Сложно, очень сложно назвать какой-либо исторический персонаж, хотя бы отдаленно напоминающий его своим величественным трагизмом, который, вступив в соприкосновение с реалиями и подлинной сутью окружающего мира, трансформировался в особую программу, которой суждено было наложить свой отпечаток на весь период с 1918 по 2001 год (по меньшей мере).
Уинстон Черчилль (1874—1965 гг.) высказался о нем так: «Он не был ни великим полководцем, ни великим монархом. Он был только верным, простым человеком средних способностей, доброжелательного характера, опиравшегося в своей жизни на веру в Бога».
Вот эта искренняя, истовая вера, с одной стороны, служила ему опорой, с другой — она сыграла роль ложного маяка, превратив этого безусловно достойного и самодостаточного человека в то, что криминалисты называют «жертвой-провокатором».
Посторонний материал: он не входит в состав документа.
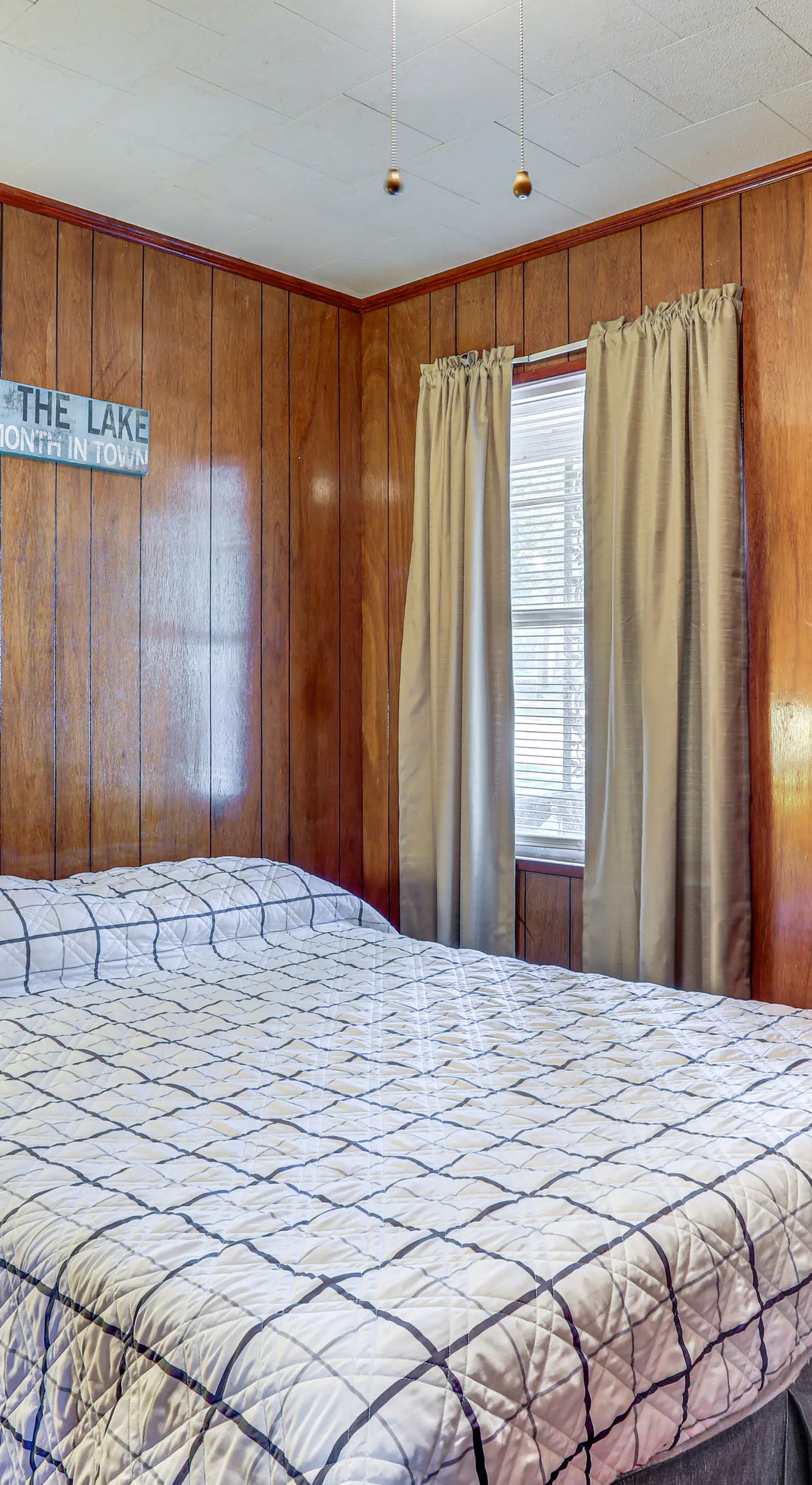 Shared Dock & Yard: Greers Ferry Lake Home!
Но все это будет потом, в той полужизни, которая начнется в феврале 1917 года, а пока…
Пока он — юный наследник российского престола, хорошо воспитанный, отлично владеющий английским, немецким, французским и датским языками (последний был родным языком его матери), вежливый, корректный и обаятельный.
Единственно чего ему недоставало — (скорее всего), это харизматичности. Он, конечно же, не побоялся бы выйти, как его прадед Николай Первый, на Сенатскую площадь в том памятном декабре, но едва ли он смог бы так скомандовать: «На колени!», чтобы полк мятежников мгновенно бухнулся бы на снег.